Большой шутник он, Уфимцев Александр Михайлович! Дух его незлобивый радуется жизни. Взгрустнёт иногда по жене Любе. Хорошая она была, росла в детском доме, родила ему в законном браке двух сыновей — Алексея и Андрея, а от них своё наследие пошло — дети, и от детей — дети. Кстати, Любовь Григорьевна Уфимцева тоже работала на шахте, а до неё — много лет на хлебозаводе, трудовые награды получала как отличная труженица.

— Жизнь не кончится, — убеждён Александр  Михайлович, — ну и что с того, что нет прежней Мерети. Нет Красного Орла. Нет Красногорки. А люди-то остались! И цепко держатся в памяти и они, и все события возле них. Рубка леса. Валка леса. Река Ур, по которой он шёл. Забой. Добыча угля. Лента, по которой он шёл. Детство моё военное. Служба моя армейская. Знакомство с Любой. Жизнь моя семейная. А сейчас сын наш младший, Андрей, за мной ухаживает. Начнёт свою машину ремонтировать, так и со мной советуется, что да как правильно сделать.
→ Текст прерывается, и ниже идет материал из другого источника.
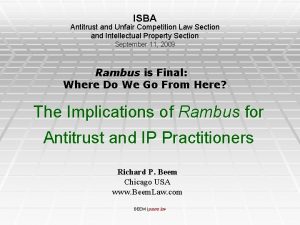ISBA Antitrust and Unfair Competition Law Section and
Вместе и крутимся около его «Нивы», без всяких перекуров.

Тут уже оба смеются — и отец, и сын, вспоминая давнишний случай, как отучил папа сынка от курева.

— Вовремя поймал, как Андрюшка чинарик-бычок прикуривал, — говорит отец, довольный своим сыном сегодня.

А сын принёс из дальней комнаты и показал мне награды отца: медали и знаки.

— Да ты, Андрей, лучше магнето к мотоциклу покажи, — напоминает Александр Михайлович, — скоро весна, снег сойдёт. Мне-то свой Л-300 завести нужно.

Настойчивости ветерана радуюсь. Таких мотоциклов в Ленинграде в период с 1930 по 1939 год было выпущено всего 18985 экземпляров. И один из них — у Уфимцева. Испытательный пробег — 4631 км, из которых 3088 км по бездорожью. Испытательный срок жизни Александра Михайловича Уфимцева ещё не завершён. Но 90 уже пройдено в трудах, из них только шахтёрских 20 лет под землёй. А сколько на земле — считать устанешь.

— А дальше предстоит другая программа, — загадочно произносит  он, — но это будет уже не штольня.

Распрощались дружно и весело. В доме по улице Квартальной нет уныния.